It started in early 2016. We noticed that database queries were taking a bit more time than usual. We snooped around and realized it was the duplicate check that was taking too long. Some more snooping and we figured out something really scary. The grouping algorithm went WILD, and instead of grouping accounts it started grouping groups of accounts. So instead of adding one single account to a group, it added all the accounts in the same group to a new group. We ended up with groups with up to 500 users and some with more than 30,000 ads per group.

Knowing that the duplicate detection system compares all ad data with stored data and assuming that an ad has about 6 parameters (subject, body, price, address…etc), we could have something like (30000 * 6) comparison operations when inserting a single ad. Multiplying that with the insane amount of ads posted daily, we came out with a crazy number of operations per day, just to ensure the uniqueness of ads. Something had to be done, quickly.

The incredible super mega engineering task force

The CTO called for a task force to be assembled after the day the database gave in and decided to timeout all requests. We were literally removed from our desks and put on a different floor to fulfil one task: GET THINGS WORKING AGAIN. Initially we were three people: one super mega devops (AKA the real wonder woman), one insane backend developer (actually insane), and me. We started contemplating different solutions to these multiple issues we were having. How could we propose a magic solution that would get us out of this mess? If only there was a system where we can perform rapid comparison operations, and where all the necessary data could be stored and retrieved immediately – something completely detached from the database.

Photo taken the day of the assembly.

Elasticsearch

According to their official website :

“Elasticsearch is a distributed, RESTful search and analytics engine capable of solving a growing number of use cases. As the heart of the Elastic Stack, it centrally stores your data so you can discover the expected and uncover the unexpected.”

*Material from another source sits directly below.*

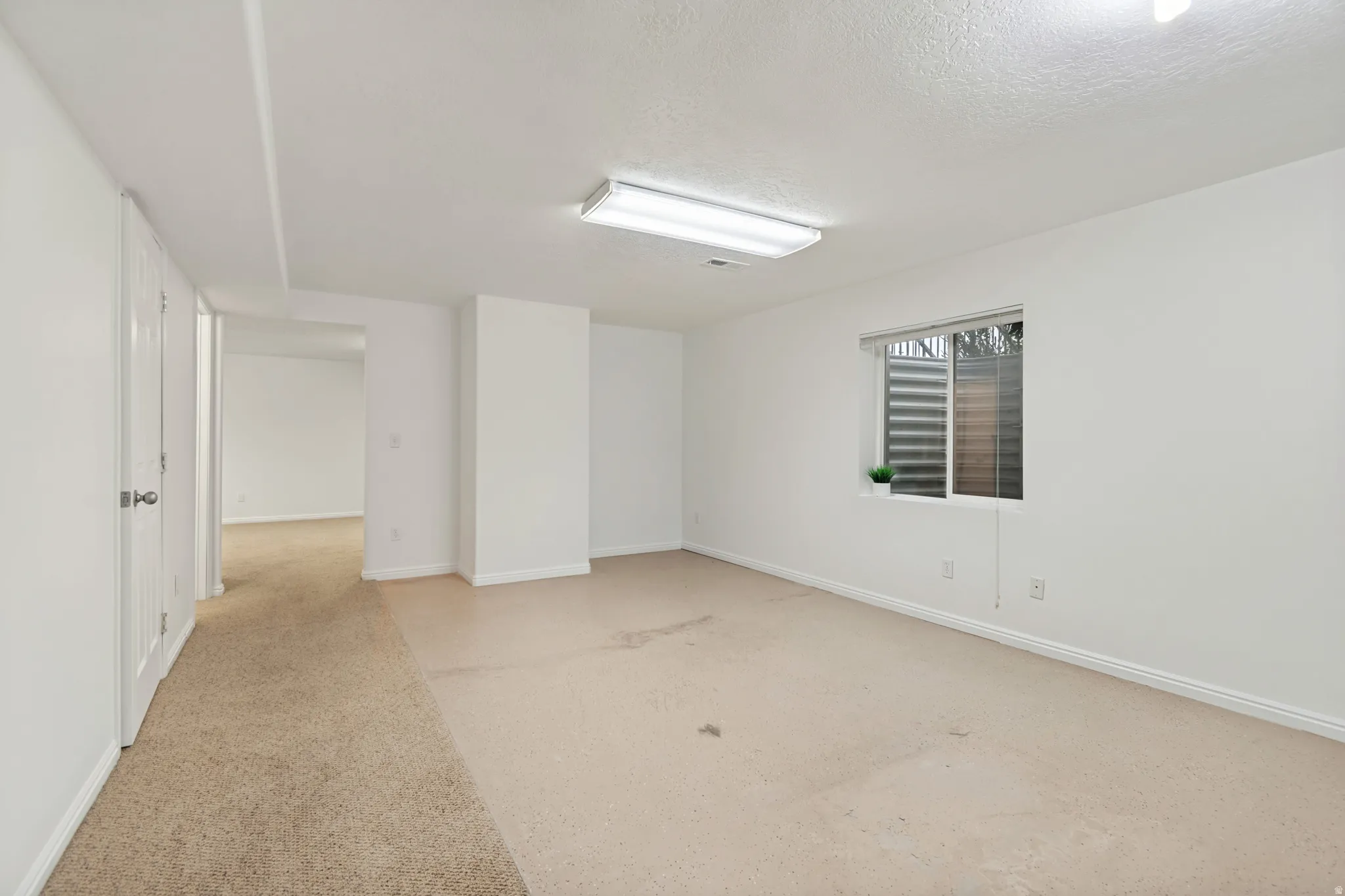 Spacious flex room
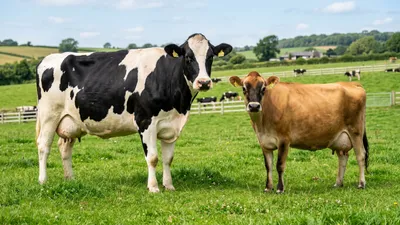 Holstein vs Jersey: Which Cow is More Profitable? (2026)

We studied the idea of implementing Elasticsearch (ES) as a duplicate detection system for about two weeks. Quick POCs, boring talks, bitter realizations and fruitless meetings. Then we decided we were going all in with this suggestion.

The project itself was divided into multiple sub projects. Each of us were leading a specific aspect of the implementation:

  • Setting up Elasticsearch cluster and all infra/devops operations ( Dounia Alla )
  • Indexing data in Elasticsearch ( Adil Houdhoud )
  • Using Elasticsearch as a duplicate detection engine ( Hamza Aid )

My task was to ensure that all needed data were indexed properly in ES without affecting database performance.

Indexing data

The first step of indexing the data, was to determine which data to be indexed. Of course for the sake of duplicate detection, we could have indexed just the parameters needed for the check, but that would have been a waste of the potential of this project. So while the project was sold to the management and other stakeholders as a duplicate detection engine, we were secretly working on indexing EVERYTHING we have. For this purpose we needed a good indexing strategy.

The different players

Here’s an overview of the deployed solution:

Database

A Postgres database, nothing special. But we had a secret weapon that facilitated the indexing process. We kept track of all actions performed on ads in separate tables, each ad change had its unique id, timestamp etc., which meant we could easily fully index the ads and update (reindex) changed ads (edits, deletes, deactivations…etc) on Elasticsearch.

Notify

Postgres provided a cool feature which allows sending notifications when certain events are triggered. The official Notify documentation :

“The NOTIFY command sends a notification event together with an optional “payload” string to each client application that has previously executed LISTEN channel for the specified channel name in the current database.”

We sat up some triggers to track all changes to data, and created and function that gets called every time an action is performed on ad.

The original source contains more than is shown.